§ ACTIVITY
Tell how many lines in the data below include the word "Lace". The answer is the number only.

Entries taken from a collection
= Beginning of Section =
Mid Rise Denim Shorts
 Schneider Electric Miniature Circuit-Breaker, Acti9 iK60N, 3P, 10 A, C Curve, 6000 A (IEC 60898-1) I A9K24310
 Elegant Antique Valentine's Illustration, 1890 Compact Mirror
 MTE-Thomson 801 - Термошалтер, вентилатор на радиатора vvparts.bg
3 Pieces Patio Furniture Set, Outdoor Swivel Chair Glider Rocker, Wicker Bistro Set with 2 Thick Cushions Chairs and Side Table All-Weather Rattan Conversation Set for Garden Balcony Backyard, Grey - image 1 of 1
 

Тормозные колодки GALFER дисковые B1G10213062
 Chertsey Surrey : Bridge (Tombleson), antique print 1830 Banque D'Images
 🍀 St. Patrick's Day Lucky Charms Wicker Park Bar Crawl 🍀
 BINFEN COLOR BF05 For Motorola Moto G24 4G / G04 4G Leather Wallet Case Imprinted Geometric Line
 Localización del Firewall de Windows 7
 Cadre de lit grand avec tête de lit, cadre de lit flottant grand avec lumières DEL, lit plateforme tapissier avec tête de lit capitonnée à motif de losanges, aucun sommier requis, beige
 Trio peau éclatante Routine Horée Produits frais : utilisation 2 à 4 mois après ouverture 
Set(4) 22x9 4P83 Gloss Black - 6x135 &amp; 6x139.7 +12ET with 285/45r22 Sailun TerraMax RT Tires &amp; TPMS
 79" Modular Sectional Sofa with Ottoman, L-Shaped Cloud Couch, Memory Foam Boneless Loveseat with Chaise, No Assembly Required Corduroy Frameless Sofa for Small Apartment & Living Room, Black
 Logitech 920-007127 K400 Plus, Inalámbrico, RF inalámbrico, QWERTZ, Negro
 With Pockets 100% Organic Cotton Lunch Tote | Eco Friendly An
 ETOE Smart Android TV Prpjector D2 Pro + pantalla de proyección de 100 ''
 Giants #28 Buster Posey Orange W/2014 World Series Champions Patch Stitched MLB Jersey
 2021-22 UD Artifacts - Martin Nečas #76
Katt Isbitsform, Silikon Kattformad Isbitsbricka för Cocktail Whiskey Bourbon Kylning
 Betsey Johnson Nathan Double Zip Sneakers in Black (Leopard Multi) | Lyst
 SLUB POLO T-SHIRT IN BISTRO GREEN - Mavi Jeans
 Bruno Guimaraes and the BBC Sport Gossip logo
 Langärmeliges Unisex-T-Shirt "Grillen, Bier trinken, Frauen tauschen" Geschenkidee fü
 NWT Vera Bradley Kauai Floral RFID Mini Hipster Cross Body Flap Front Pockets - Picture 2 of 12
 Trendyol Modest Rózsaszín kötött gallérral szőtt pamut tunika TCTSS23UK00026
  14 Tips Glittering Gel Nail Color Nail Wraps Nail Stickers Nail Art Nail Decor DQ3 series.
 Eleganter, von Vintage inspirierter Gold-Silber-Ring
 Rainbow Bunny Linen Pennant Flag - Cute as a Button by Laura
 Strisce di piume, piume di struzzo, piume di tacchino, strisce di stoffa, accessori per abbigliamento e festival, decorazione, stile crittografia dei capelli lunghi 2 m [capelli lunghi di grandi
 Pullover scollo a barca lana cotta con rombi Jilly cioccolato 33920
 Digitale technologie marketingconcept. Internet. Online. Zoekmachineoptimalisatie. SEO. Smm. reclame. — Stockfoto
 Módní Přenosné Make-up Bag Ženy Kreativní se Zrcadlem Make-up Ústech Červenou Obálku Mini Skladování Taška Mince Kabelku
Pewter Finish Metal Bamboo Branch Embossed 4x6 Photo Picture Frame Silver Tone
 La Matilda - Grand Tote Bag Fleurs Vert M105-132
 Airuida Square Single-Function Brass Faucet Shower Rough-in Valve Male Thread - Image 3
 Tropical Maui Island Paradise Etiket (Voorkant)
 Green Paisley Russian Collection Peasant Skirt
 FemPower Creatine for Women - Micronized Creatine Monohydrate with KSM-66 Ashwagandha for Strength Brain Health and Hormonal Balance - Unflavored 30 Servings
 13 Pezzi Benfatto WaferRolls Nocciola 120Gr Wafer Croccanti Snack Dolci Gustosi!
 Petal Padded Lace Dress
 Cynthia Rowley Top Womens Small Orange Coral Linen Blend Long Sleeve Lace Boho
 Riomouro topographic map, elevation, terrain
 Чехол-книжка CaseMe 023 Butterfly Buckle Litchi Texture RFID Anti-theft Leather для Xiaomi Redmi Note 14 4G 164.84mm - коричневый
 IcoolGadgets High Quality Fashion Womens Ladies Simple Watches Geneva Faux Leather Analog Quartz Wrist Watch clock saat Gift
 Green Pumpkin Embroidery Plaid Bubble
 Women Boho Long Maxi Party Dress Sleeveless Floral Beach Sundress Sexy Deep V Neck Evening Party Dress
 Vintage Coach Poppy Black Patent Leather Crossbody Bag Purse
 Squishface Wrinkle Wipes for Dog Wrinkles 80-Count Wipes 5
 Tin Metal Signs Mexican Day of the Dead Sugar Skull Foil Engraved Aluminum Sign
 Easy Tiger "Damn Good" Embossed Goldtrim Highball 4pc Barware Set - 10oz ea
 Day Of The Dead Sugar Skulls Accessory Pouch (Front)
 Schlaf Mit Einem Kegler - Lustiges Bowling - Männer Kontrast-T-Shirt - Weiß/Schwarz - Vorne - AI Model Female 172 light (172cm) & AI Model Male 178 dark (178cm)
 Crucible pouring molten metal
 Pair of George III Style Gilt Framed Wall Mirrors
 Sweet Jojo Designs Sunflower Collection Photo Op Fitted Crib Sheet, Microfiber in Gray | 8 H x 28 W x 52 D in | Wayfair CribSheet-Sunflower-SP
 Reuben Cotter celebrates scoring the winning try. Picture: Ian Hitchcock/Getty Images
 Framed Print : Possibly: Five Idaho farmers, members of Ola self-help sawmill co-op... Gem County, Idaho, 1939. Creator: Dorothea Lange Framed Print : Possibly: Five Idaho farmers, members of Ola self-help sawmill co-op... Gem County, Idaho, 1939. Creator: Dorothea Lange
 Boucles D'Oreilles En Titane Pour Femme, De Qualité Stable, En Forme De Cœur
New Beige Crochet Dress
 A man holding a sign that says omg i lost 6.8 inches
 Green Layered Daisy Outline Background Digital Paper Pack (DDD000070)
= End of Section =
§ WRITTEN RESPONSE
2